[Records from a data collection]

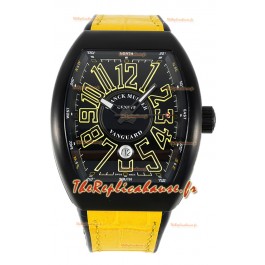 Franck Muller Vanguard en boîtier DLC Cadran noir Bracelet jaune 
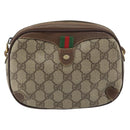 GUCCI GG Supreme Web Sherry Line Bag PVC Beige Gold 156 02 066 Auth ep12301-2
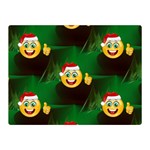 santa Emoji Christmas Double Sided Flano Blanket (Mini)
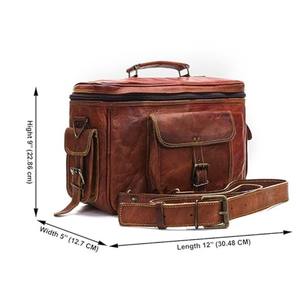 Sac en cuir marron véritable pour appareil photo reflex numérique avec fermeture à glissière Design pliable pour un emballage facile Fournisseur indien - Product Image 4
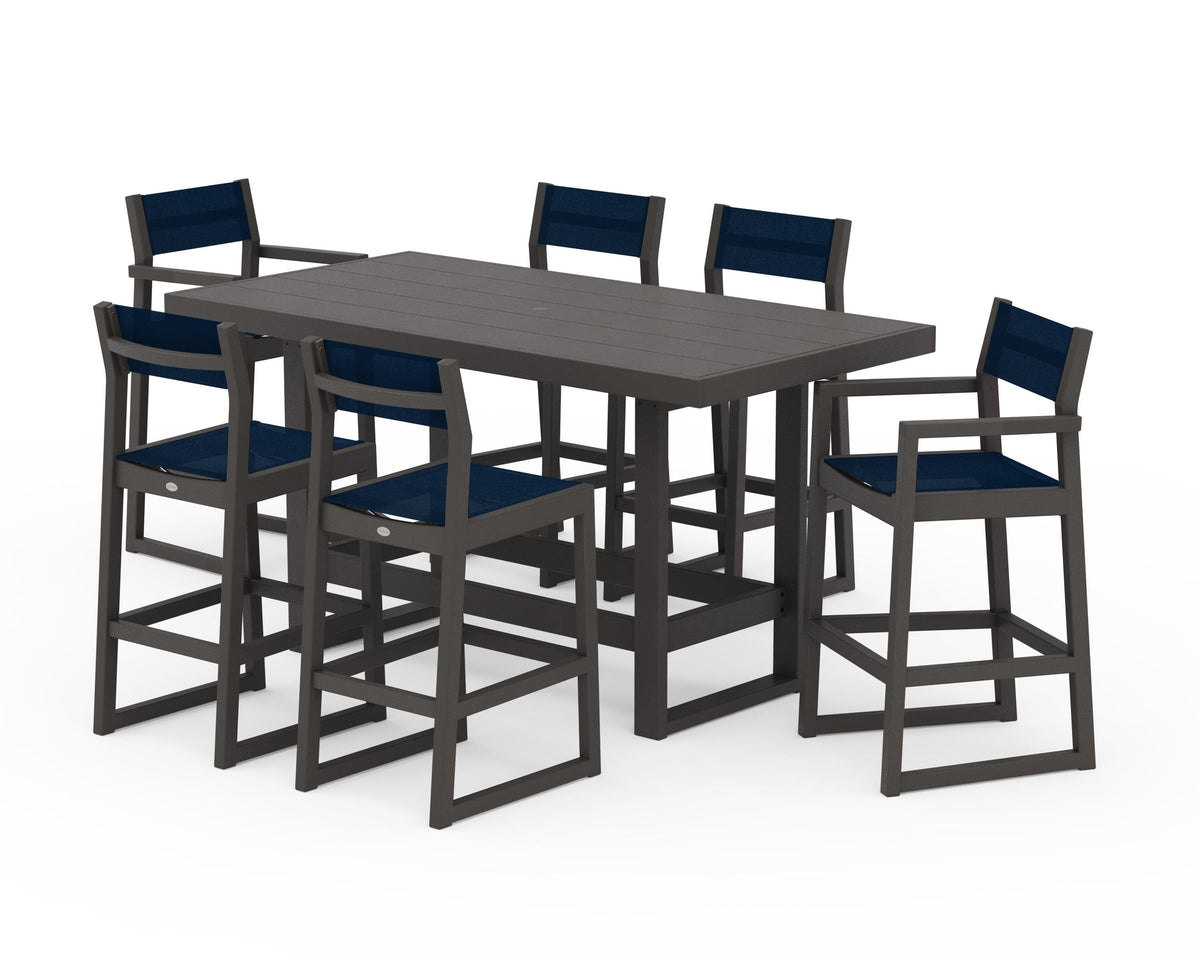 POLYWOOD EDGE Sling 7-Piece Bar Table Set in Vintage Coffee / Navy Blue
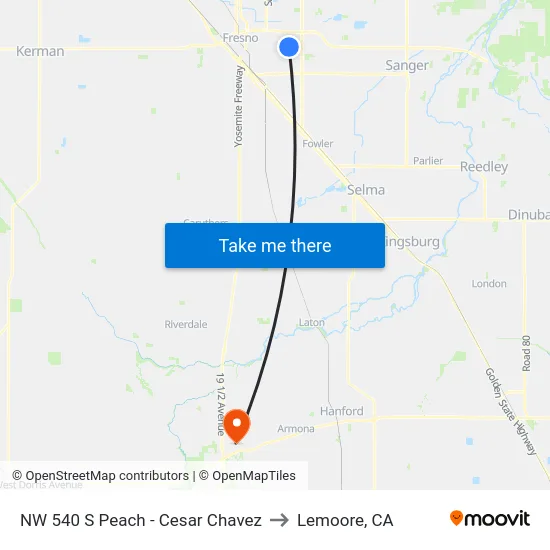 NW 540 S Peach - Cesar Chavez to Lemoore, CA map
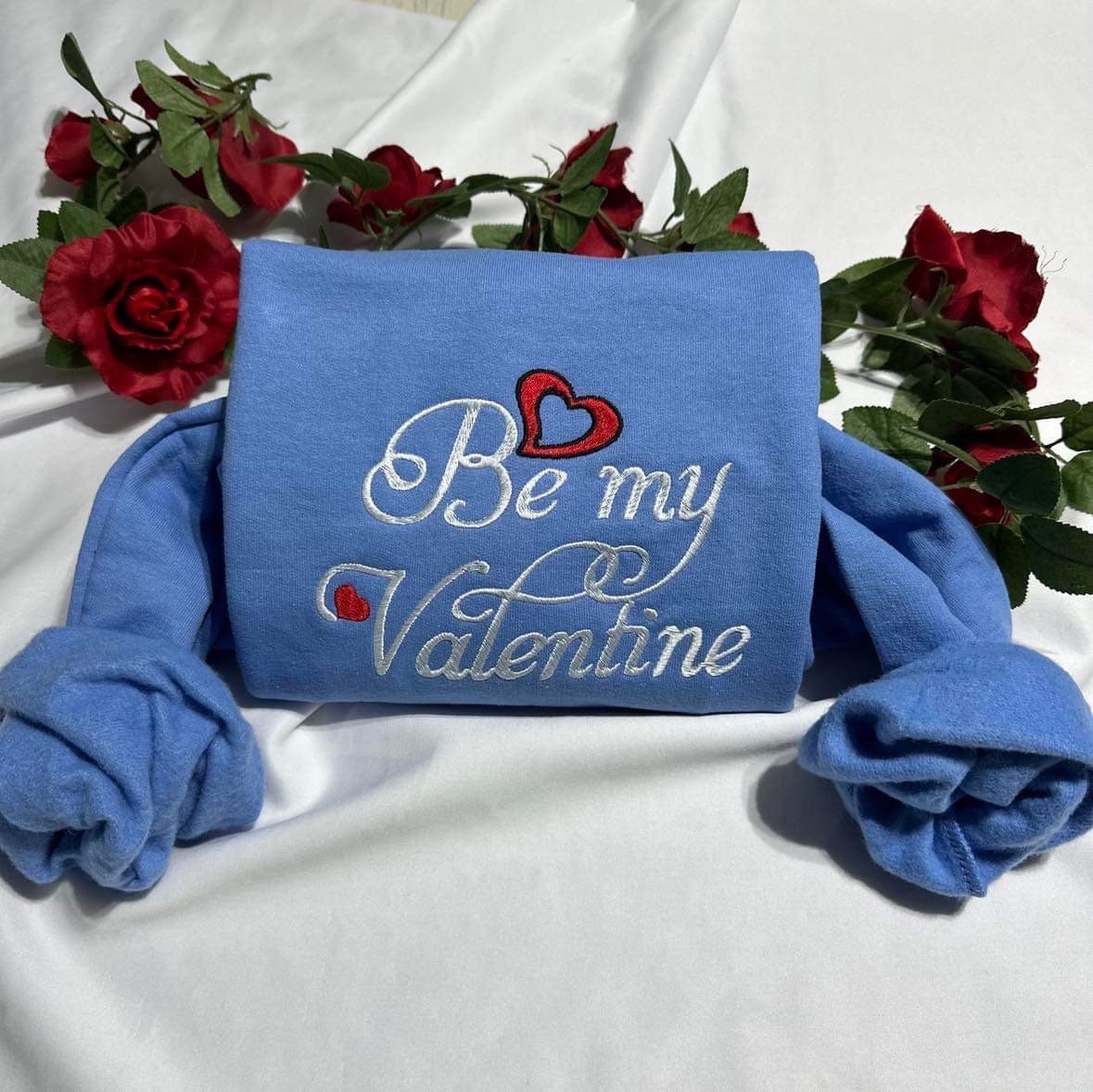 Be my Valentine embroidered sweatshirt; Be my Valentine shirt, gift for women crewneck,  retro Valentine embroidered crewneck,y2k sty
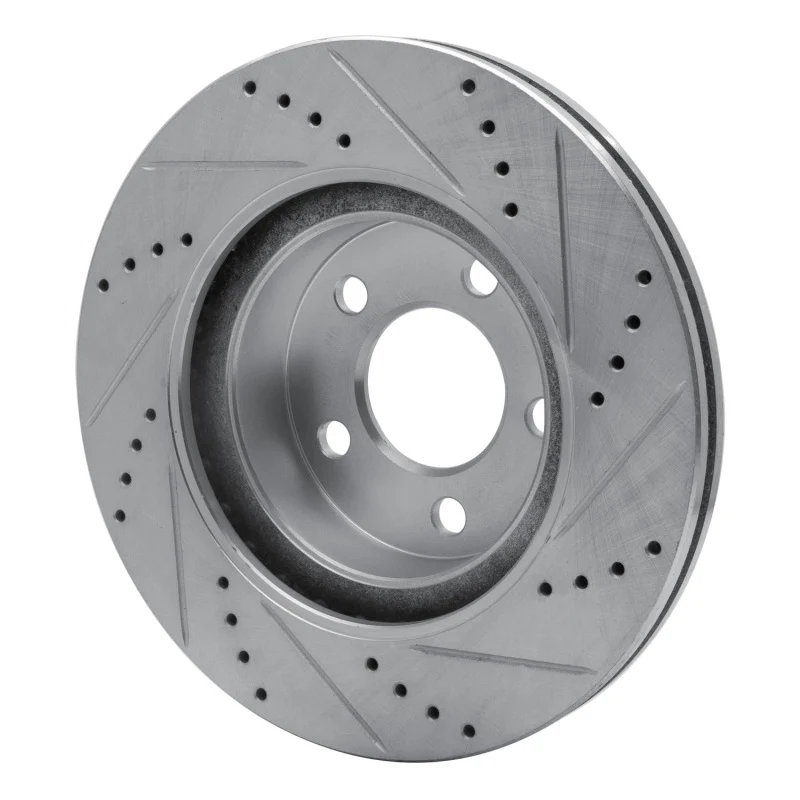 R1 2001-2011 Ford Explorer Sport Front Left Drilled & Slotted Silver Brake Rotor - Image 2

— What you are asked to do —
Every line between the one containing "GUCCI GG Supreme" and the last line of the data above, both included, should be copied exactly, but not the pictures.

— Task solution —
 GUCCI GG Supreme Web Sherry Line Bag PVC Beige Gold 156 02 066 Auth ep12301-2
 santa Emoji Christmas Double Sided Flano Blanket (Mini)
 Sac en cuir marron véritable pour appareil photo reflex numérique avec fermeture à glissière Design pliable pour un emballage facile Fournisseur indien - Product Image 4
 POLYWOOD EDGE Sling 7-Piece Bar Table Set in Vintage Coffee / Navy Blue
 NW 540 S Peach - Cesar Chavez to Lemoore, CA map
 Be my Valentine embroidered sweatshirt; Be my Valentine shirt, gift for women crewneck,  retro Valentine embroidered crewneck,y2k sty
 R1 2001-2011 Ford Explorer Sport Front Left Drilled & Slotted Silver Brake Rotor - Image 2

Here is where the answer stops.